For starters, we’re going to be making use of a multi-stage build. If you’ve read my other post on multi-stage builds, you may recall I referred to multi-stage builds as:
At it’s core, a multi stage docker build is essentially enabling you to end up with a single docker image, taking only what you need between stages. It looks like two dockerfiles smashed together into one.
Let’s describe what will happen in our build.
In the first stage, we’ll use alpine base image for Go
We then setup a working directory for our output
We copy over the current directory our application lives in to the working directory in the previous step.
Using
go build
we build and compile the application to get our binary, and name itapp_name
Now that we’ve got our binary we don’t need the building image anymore, nor the golang tools, so we can throw that away, and focus on creating our production-ready container.
We start with
scratch
as a base image, which is literally nothing.

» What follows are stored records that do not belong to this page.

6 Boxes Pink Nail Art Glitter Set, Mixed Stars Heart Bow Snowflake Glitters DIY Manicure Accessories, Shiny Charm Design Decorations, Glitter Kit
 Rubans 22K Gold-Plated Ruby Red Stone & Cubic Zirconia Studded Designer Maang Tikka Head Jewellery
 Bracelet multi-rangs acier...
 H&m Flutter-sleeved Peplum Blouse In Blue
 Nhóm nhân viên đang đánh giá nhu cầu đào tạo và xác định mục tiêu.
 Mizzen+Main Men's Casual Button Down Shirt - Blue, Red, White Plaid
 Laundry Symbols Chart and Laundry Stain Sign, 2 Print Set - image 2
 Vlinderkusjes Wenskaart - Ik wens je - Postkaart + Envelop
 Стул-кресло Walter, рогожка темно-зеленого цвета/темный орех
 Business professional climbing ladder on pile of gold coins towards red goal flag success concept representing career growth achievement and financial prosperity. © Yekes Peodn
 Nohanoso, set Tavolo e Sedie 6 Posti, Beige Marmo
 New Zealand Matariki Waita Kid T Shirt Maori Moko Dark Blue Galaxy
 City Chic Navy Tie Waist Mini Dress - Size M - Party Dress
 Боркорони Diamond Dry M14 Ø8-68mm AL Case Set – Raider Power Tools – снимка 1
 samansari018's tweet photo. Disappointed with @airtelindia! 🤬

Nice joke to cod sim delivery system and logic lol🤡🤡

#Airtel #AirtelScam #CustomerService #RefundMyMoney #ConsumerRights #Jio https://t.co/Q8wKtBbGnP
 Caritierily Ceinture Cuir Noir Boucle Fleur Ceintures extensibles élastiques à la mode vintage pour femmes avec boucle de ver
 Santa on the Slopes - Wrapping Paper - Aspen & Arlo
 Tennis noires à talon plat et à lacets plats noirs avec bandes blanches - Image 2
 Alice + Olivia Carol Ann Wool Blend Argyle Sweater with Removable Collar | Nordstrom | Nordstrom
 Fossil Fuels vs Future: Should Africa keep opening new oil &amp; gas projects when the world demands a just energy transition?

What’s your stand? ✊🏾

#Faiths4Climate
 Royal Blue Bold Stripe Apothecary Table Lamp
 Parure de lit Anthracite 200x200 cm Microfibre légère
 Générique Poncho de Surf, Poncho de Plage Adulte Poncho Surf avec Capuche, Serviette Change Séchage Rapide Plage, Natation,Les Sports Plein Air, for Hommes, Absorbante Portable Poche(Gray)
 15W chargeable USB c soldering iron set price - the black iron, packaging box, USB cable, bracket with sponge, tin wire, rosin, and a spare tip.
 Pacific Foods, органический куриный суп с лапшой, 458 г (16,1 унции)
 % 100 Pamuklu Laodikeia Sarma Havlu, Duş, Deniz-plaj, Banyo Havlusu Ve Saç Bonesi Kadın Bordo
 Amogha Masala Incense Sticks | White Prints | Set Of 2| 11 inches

I particularly like Snyk’s definition of the scratch image:
The scratch image is the smallest possible image for docker. Actually, by itself it is empty (in that it doesn’t contain any folders or files) and is the starting point for building out images. In order to run binary files on a scratch image, your executables need to be statically compiled and self-contained. This means there is no compiler in the image so you’re left with just system calls. You also wouldn’t be able to login to the container either as there isn’t a shell unless you explicitly add one.
From scratch, we use the latest alpine images to copy over the ca-certificates.crt file to the /etc/ssl/certs directory. Note that you don’t actually need this step if you’re not using HTTPS traffic.
Then we’re copying the output of the build directory to the root of the scratch image, whilst setting the ownership.
The next stage sets the user account to be a non-root user. If someone was to attack the container and escape the app running, they would not be the root user of the container.
The last two steps just set the port to expose and the container’s entrypoint, which is the name we gave our binary in step 4.
FROM golang:1.18-alpine as builder
WORKDIR /build
ADD . .
RUN CGO_ENABLED=0 go build -o app_name -buildvcs=false
FROM scratch
COPY --from=alpine:latest /etc/ssl/certs/ca-certificates.crt /etc/ssl/certs/
COPY --chown=0:0 --from=builder /build/* /
USER 65534
EXPOSE 8080:8080
ENTRYPOINT [ "/app_name" ]
There’s quite a few neat things going on here, my favourite is probably the use of the scratch container, once we have a built binary. Of course, this means that the binary needs to be self-sufficient. The only thing you have are system calls. There isn’t even a shell. Additionally, the container is wildly smaller than what you may be using now since it’s really only containing a binary of the app and a .crt file.